Chatting locally

generative AI
Ollama
Python
Docker
LangChain
How to run a large language model on your computer
Author

Tero Jalkanen

Published

September 20, 2024

I’ve been testing different large language models (LLMs) lately, and wanted to write a small guide on how to run a LLM locally on your machine. There are actually several models which will work nicely just by using your computer’s CPU. The set up is pretty straightforward.

What do we need?

There are different ways to run a LLM locally, but I will show you how to do it using Docker and Ollama. Ollama is a lightweight framework that allows you to run different language models locally. The Ollama website lists a large number of models that you can access.
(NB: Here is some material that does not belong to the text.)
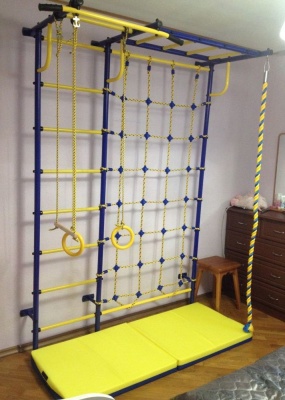 Детский комплекс ПИОНЕР-С4СМ, цвет уточняйте в Магазине Спорт - Пермь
It is possible to install Ollama directly on your computer, but you can also use Docker to run it. First, we need to pull the official image from Docker Hub.

docker pull ollama/ollama

After this we can run the image using the following command:

docker run -d -p 11434:11434 --name ollama ollama/ollama

This will start the Ollama server inside a Docker container. You can now access the server using the following URL: http://localhost:11434/. Your web browser should display a simple message stating Ollama is running if you visit the URL. This signals that everything is working as it should and the system is up and running on our machine.
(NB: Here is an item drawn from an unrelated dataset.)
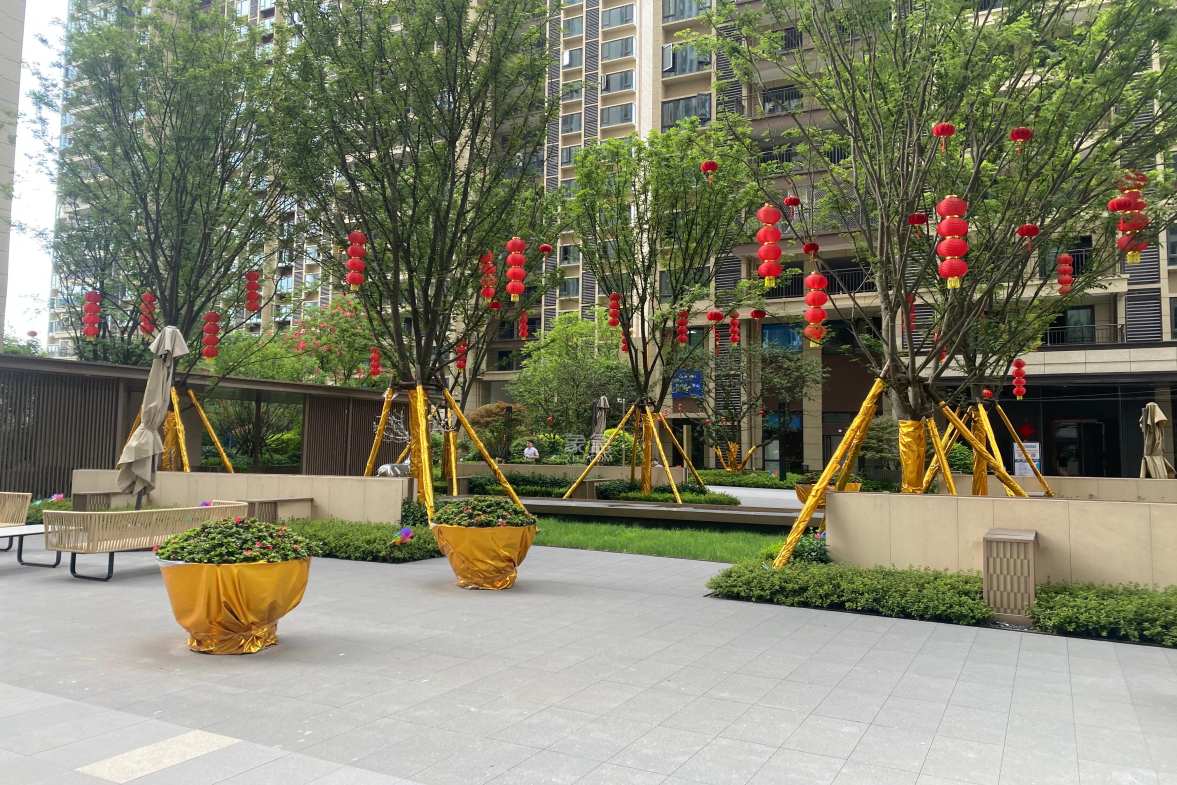 大都汇天悦（保利大都汇三期）  3室2厅2卫    2000.0元/月室内图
We can now use Ollama to interact with the LLM on the command line. Use the following command to start a chat with the llama2 model:

docker exec -it ollama ollama run llama2

This will first pull the model to your docker container, and start a chat with the llama2 model. Chatting with the model is done by typing messages on the command line. Ollama is using your computer’s CPU to run the model, so it will not be as fast as ChatGPT, but it will be completely private. It is also possible to run the model on a GPU if you happen to have a new Nvidia GPU for example.

Figure 1: Chatting with llama2 using the command line.

You can replace llama2 with any of the models listed on the Ollama website. The website also gives information on the memory requirements for some models. You can also stop and restart your container without having to re-download the LLM. However, if you remove your container, you will naturally have to download the language model again when starting new containers.

Creating a simple GUI with Python

Now that we are successfully running a LLM locally, we can create a simple GUI to interact with the model. I will show you how to do this using Python and Streamlit.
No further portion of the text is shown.